| Ka'be-i
  muazzamanın güneyinde, yüksekçe bir yerde, Hz. Erkam'ın evi bulunuyordu.
  Ka'be'ye güney tarafından gelmek isteyen bu evin önünden geçmek durumunda
  idi. Ev yüksekte olduğundan Ka'be rahat olarak görünürdü. Ayrıca Hz. Erkam,
  Mekke'nin ileri gelenlerinden, itibarı çok olan bir zât idi ki, herkes
  kendisine hürmet ve ikrâm ederdi. 
 Bu gibi sebeplerden dolayı, Peygamber efendimiz ve diğer Müslümanlar burada
  toplanırlar, emniyetli bir yer olduğu için ibâdetlerini rahat yaparlardı.

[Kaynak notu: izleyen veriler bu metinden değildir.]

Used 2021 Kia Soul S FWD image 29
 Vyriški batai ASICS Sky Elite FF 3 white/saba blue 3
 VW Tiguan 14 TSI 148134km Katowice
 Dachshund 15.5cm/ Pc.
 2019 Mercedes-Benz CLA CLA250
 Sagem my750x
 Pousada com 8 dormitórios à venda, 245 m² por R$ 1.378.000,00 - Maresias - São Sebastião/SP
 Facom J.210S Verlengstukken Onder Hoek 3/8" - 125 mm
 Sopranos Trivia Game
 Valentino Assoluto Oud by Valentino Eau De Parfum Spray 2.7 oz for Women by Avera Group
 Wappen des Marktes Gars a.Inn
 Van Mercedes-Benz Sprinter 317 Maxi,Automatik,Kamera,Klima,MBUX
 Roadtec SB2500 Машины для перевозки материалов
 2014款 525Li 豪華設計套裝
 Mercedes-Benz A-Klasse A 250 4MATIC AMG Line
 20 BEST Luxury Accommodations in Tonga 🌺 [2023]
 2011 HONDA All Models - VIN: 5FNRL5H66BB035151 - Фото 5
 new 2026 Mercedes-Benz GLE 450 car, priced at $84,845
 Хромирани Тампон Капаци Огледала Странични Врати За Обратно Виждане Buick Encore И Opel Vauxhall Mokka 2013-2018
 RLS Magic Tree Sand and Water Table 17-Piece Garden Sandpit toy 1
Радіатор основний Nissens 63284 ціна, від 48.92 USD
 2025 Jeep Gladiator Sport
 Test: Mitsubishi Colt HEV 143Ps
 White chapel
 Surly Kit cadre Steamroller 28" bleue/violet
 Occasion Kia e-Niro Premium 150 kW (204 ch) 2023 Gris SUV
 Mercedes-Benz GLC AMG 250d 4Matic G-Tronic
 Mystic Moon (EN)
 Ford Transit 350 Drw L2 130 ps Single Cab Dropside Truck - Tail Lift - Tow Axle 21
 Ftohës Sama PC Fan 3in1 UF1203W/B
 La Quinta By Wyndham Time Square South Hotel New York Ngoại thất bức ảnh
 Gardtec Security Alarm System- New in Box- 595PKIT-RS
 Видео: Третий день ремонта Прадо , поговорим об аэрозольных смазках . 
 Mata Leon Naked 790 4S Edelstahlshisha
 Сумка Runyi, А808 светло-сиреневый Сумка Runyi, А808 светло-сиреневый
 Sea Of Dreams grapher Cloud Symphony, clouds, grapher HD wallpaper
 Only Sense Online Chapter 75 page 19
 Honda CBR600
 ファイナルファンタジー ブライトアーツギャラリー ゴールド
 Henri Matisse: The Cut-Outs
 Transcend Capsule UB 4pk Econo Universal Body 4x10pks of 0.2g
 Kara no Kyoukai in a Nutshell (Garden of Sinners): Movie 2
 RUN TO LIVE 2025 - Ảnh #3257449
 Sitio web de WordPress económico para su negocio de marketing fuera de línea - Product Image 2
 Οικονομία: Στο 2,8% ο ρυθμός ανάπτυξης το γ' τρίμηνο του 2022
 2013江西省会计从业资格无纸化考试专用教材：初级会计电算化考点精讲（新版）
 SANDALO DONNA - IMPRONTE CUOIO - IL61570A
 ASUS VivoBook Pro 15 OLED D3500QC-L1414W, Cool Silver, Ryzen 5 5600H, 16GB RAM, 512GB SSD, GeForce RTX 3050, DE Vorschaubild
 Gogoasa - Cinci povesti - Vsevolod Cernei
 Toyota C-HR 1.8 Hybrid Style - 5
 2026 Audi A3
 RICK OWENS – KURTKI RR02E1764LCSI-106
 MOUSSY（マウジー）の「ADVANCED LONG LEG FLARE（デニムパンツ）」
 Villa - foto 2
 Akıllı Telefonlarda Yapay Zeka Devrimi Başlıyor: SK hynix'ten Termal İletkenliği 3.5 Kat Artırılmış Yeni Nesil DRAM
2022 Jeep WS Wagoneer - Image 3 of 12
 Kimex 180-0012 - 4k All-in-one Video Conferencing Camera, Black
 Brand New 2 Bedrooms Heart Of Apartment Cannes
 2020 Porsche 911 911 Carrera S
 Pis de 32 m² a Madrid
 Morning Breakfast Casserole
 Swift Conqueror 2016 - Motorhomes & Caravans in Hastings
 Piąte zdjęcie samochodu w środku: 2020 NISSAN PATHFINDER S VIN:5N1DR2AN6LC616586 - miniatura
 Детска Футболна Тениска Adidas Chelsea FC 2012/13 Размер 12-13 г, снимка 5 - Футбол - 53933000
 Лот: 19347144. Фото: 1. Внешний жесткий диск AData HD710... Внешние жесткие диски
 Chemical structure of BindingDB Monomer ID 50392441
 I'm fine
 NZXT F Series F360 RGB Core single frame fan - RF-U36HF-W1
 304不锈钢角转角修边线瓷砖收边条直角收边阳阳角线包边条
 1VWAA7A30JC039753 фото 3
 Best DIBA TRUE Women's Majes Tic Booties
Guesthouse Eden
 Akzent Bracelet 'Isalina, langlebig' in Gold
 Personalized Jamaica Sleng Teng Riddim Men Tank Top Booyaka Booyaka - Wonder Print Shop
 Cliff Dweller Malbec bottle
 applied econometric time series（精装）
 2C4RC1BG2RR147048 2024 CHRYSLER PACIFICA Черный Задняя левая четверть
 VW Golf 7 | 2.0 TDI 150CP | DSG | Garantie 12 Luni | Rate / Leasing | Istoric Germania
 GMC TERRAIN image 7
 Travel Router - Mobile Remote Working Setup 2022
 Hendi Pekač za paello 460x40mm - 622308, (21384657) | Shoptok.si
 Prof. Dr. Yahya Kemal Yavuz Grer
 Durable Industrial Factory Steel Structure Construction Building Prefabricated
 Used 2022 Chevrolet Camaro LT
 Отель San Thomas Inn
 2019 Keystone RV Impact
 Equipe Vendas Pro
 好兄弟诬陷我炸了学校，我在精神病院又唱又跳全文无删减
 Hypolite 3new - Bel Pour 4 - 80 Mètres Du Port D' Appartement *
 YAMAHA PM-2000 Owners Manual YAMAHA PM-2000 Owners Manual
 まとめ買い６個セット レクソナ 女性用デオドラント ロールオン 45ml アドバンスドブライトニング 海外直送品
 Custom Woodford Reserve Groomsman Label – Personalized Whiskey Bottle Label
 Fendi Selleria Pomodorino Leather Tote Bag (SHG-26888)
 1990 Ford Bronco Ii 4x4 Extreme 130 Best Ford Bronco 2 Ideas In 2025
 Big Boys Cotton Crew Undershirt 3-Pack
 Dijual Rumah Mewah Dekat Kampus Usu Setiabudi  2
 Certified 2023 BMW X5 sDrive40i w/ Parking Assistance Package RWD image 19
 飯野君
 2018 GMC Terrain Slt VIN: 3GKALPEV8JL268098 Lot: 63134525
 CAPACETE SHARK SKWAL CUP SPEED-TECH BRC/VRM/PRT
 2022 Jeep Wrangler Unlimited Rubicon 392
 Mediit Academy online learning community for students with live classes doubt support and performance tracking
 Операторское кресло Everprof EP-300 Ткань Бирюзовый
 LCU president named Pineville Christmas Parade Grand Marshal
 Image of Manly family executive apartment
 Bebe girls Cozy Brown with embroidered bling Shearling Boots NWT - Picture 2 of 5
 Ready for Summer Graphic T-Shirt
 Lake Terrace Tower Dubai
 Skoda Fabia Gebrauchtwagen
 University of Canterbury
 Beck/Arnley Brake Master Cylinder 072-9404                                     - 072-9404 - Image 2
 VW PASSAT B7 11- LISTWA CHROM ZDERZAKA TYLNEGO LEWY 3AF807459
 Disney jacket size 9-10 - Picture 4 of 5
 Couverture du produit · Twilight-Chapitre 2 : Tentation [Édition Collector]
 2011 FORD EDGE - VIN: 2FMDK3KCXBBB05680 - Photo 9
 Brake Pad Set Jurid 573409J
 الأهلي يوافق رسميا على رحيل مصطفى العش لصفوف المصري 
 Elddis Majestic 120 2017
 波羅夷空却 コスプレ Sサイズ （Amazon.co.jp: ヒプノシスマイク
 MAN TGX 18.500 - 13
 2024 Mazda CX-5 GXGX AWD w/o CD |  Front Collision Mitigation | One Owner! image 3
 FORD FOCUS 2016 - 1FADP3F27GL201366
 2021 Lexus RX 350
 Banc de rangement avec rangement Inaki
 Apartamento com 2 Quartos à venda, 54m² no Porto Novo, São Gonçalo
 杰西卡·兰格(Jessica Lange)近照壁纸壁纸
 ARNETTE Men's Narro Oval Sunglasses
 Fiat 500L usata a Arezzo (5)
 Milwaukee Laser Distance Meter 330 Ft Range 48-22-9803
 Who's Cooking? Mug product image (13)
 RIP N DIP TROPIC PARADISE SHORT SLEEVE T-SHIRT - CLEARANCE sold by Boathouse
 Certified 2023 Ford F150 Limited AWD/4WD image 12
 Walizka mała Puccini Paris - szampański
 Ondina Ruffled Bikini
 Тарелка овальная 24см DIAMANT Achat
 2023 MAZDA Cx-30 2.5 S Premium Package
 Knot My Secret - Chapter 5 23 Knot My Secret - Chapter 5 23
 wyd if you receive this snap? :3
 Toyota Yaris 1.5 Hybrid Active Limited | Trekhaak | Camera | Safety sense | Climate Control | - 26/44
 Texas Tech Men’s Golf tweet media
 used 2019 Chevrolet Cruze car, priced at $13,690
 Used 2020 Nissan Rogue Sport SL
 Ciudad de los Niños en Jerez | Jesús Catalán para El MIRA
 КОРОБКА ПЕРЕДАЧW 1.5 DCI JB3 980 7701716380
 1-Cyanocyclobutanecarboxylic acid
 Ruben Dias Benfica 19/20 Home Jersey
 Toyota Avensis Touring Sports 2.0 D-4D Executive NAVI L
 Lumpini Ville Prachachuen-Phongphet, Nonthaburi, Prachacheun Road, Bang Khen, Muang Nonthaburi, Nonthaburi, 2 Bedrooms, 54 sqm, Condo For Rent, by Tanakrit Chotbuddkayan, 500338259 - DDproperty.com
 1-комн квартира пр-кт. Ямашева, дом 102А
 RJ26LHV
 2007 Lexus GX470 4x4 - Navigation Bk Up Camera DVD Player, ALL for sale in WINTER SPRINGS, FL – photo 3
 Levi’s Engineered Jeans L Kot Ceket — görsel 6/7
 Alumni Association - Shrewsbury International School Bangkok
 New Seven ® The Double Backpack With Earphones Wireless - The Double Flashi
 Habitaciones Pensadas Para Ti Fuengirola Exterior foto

  Yeni Müslüman olmak isteyenler de bu eve gelir, Müslüman olmakla
  şereflenirdi. Bunun için, bu eve Dar'ül-İslâm ve Dârül-Erkam gibi isimler
  verilmişti.
 
 Müslüman olacağım
 
 Bir gün Hz. Ammâr bin Yâser,
  Hz. Erkam'ın evinin önünde Hz. Süheyb bin Sinan'a rastladı. O'na sordu:
 
 - Burada ne yapıyorsun?
 
 - Sen ne yapıyorsun?
 
 - Ben içeri gireceğim ve Hz. Muhammed'in sözlerini dinleyip bildirdiği dîne
  gireceğim. Müslüman olacağım.
 
 - Ben de aynı maksatla buraya geldim.
 
 İkisi de aynı maksatla geldiklerini söyleyince, beraber içeri girdiler. O
  sırada Peygamber efendimiz de orada bulunuyordu. Müslüman oldular, akşama
  kadar orada kaldılar. Akşamdan sonra evlerine gittiler.
 
 Peygamber efendimiz, İslâmiyeti tebliğden önce de Hz. Süheyb bin Sinan ile
  konuşurlar ve birbirlerini severlerdi. Süheyb bin Sinan, Abdullah bin
  Ced'an'ın azâdlı kölesi idi. Müslüman olduğunu açıklamaktan çekinmeyen yedi
  mücâhid Sahâbîden biri idi.
 
 Hz. Süheyb, Müslüman olduğunu açıkladıktan sonra Mekke'li müşriklerin,
  şiddetli hücum ve işkencelerine mâruz kaldı. Müşrikler daha çok, kimsesi
  olmayan zavallılara işkence ederlerdi. Hz. Süheyb, Mekke'de akrabası,
  dayanağı olmayan bir zât olduğu için, müşrikler kendisine çok zulmederler,
  konuşamıyacak hâle getirinceye kadar döverlerdi. Demir gömlek giydirirler, en
  sıcak günde, güneş altında tutulur, üstüne de yük bindirirlerdi.
 
 Zevk alan kimseleriz
 
 Bir gün, Hz. Habbâb ve Hz.
  Ammâr'la birlikte giderlerken, Kureyş müşriklerinden ba'zıları ile karşılaştılar.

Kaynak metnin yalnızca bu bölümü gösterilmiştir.